> [Records for the task]:
*** Begin section ***

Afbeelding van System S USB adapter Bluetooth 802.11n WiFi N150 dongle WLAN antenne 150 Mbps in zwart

*** End section ***
*** Begin section ***

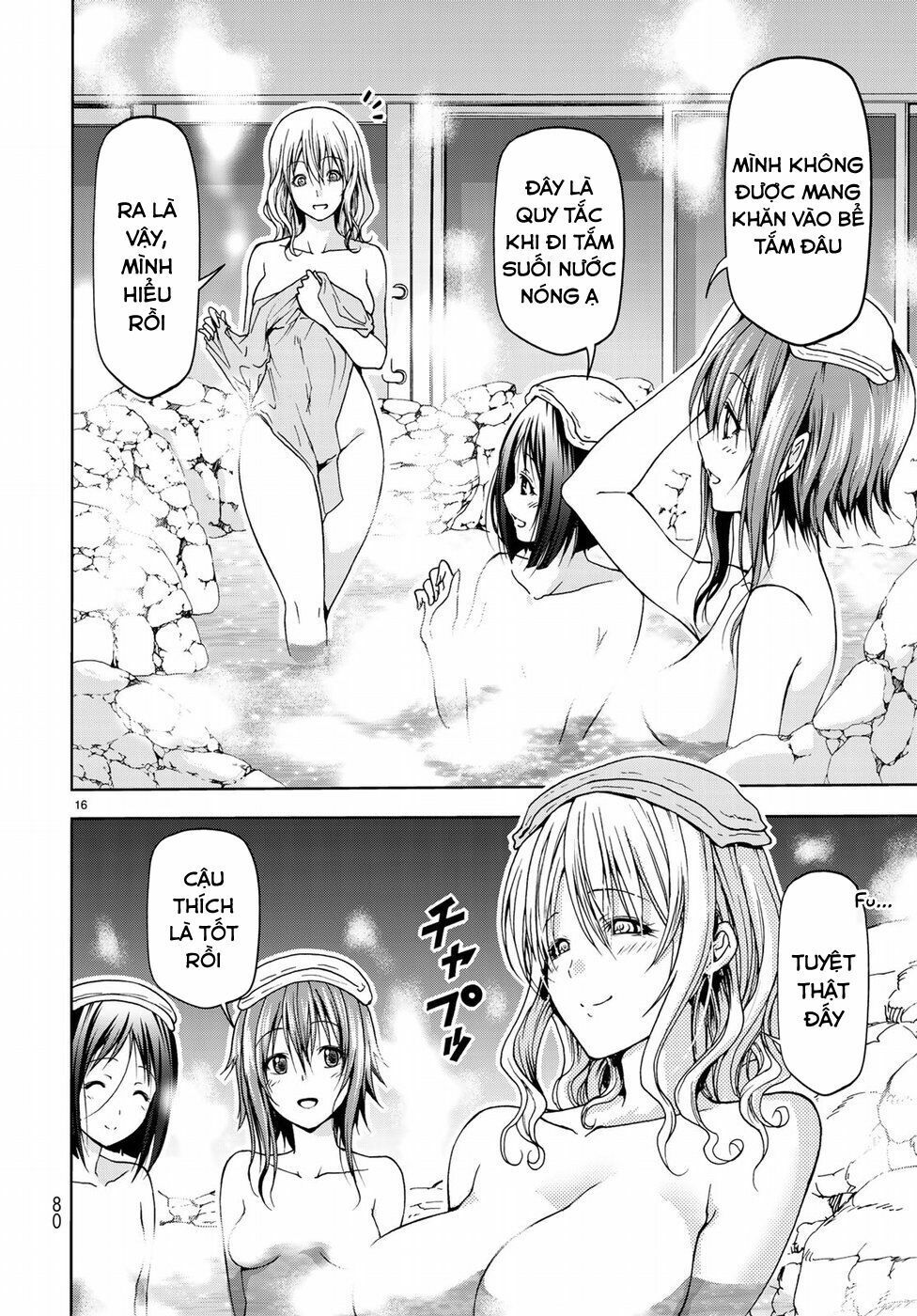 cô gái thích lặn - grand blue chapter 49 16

*** End section ***
*** Begin section ***

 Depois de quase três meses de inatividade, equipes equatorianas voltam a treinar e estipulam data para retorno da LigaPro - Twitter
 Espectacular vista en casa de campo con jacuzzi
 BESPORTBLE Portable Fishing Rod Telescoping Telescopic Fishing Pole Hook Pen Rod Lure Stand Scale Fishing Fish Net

*** End section ***

> [Task brief]: Look through the entries above and quote exactly the lines from the line with "Espectacular vista en" to the line with "BESPORTBLE Portable Fishing", counting both of those lines.

> [Solution to this task]:
 Espectacular vista en casa de campo con jacuzzi
 BESPORTBLE Portable Fishing Rod Telescoping Telescopic Fishing Pole Hook Pen Rod Lure Stand Scale Fishing Fish Net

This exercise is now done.